Per documentare l' atmosfera di rifiuto nella quale cadeva questo primo blando e generico provvedimento a favore della drammaturgia italiana provocato dal Sindacato, non posso non citare alcune frasi del corsivo, con il quale io, che ero critico teatrale del quotidiano romano "La Repubblica" ed autore agli esordi, commentai il comunicato:

"La notizia diramata dall' Ansa potrebbe persino suscitare un'impressione lievemente caricaturale: la rappresentazione di nuove - ed anche vecchie...- commedie italiane è ormai divenuta impresa di tal rischio che il solo fatto di tentarla rende meritevoli di un premio gli ardimentosi... Esclusa ogni considerazione di carattere nazionalistico, che sarebbe in se estranea ai vari interessi dell'arte, non si può non rilevare come da qualche tempo attori e pubblico sembrino coalizzati nel varo delle più frustre riprese e delle più inconsistenti novità straniere, pur di non rendere il minimo onore al repertorio italiano..." ("La Repubblica", 12 febbraio 1947).

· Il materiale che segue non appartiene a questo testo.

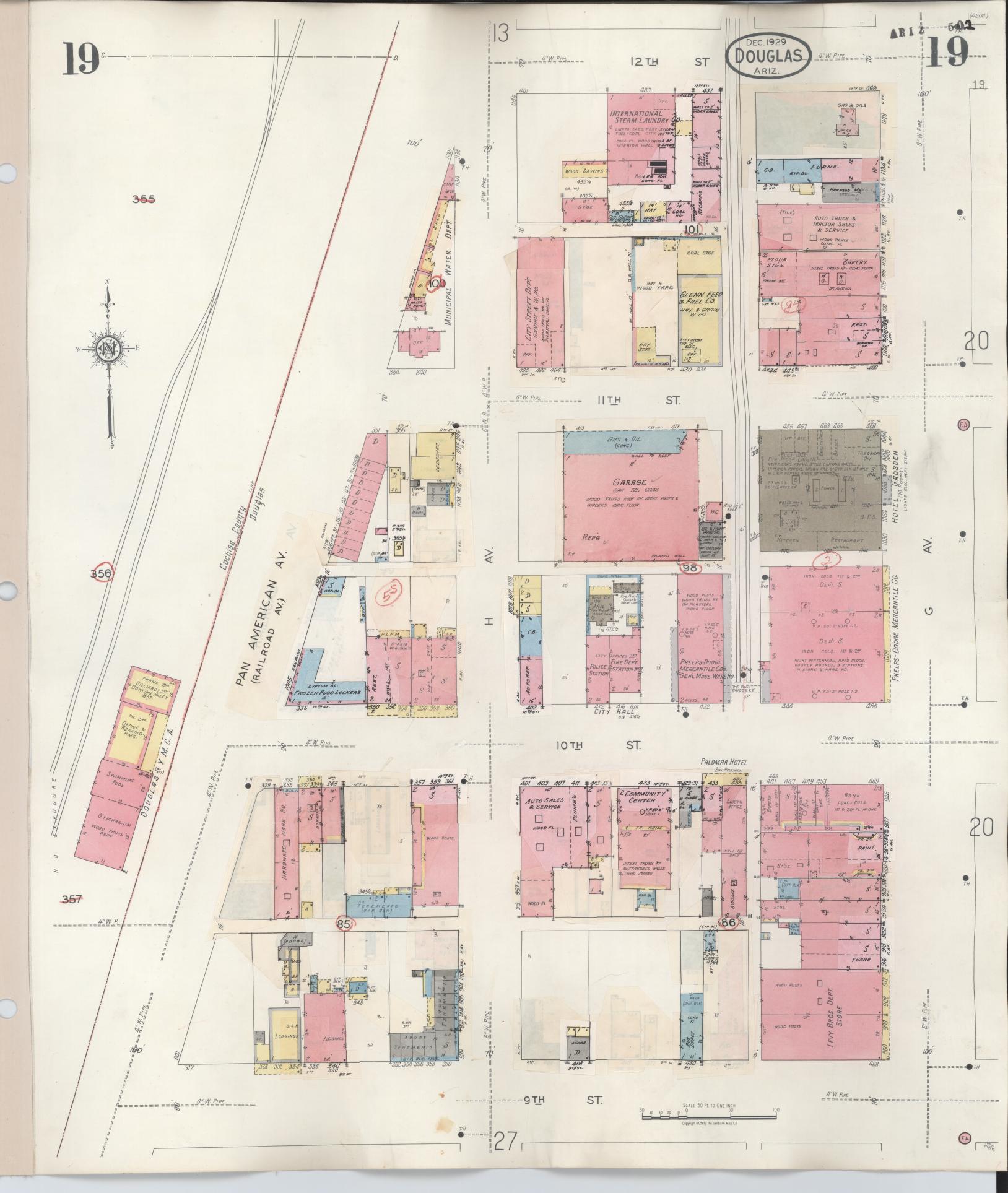Sanborn Fire Insurance Map from Douglas, Cochise County, Arizona (1947), Sheet #0019 - Complete Map Set gallery image, historic Sanborn map, vintage wall art, Arizona Arizona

Dopo mezzo secolo il traguardo ideale, che Luigi Chiarelli in cuor suo si proponeva di raggiungere con la fondazione del Sindacato, è senza dubbio meno lontano; ma non nascondiamoci che una lunga strada rimane ancora da percorrere e un impegno anzitutto culturale ci richiede di percorrerla fino in fondo.

Purtroppo non sono bastati cinquanta anni a dissolvere interamente l' aura non benevola creatasi dopo la conclusione della guerra nei confronti degli scrittori teatrali. In parole povere la scena italiana non riesce ancora a riconoscersi con convinzione nella propria letteratura drammatica nazionale di oggi e di ieri: si piega soltanto dinanzi a Luigi Pirandello, perché non può evitarlo su un piano internazionale; ma mal sopporta persino Carlo Goldoni, come le recenti celebrazioni hanno palesemente dimostrato. Gli operatori pubblici e privati della nostra scena debbono convincersi che gli autori drammatici italiani, prima ancora di tutelare i propri interessi di bottega, sostengono una questione di identità nazionale. Ci auguriamo, come italiani, che nell'attesa non passi un altro mezzo secolo.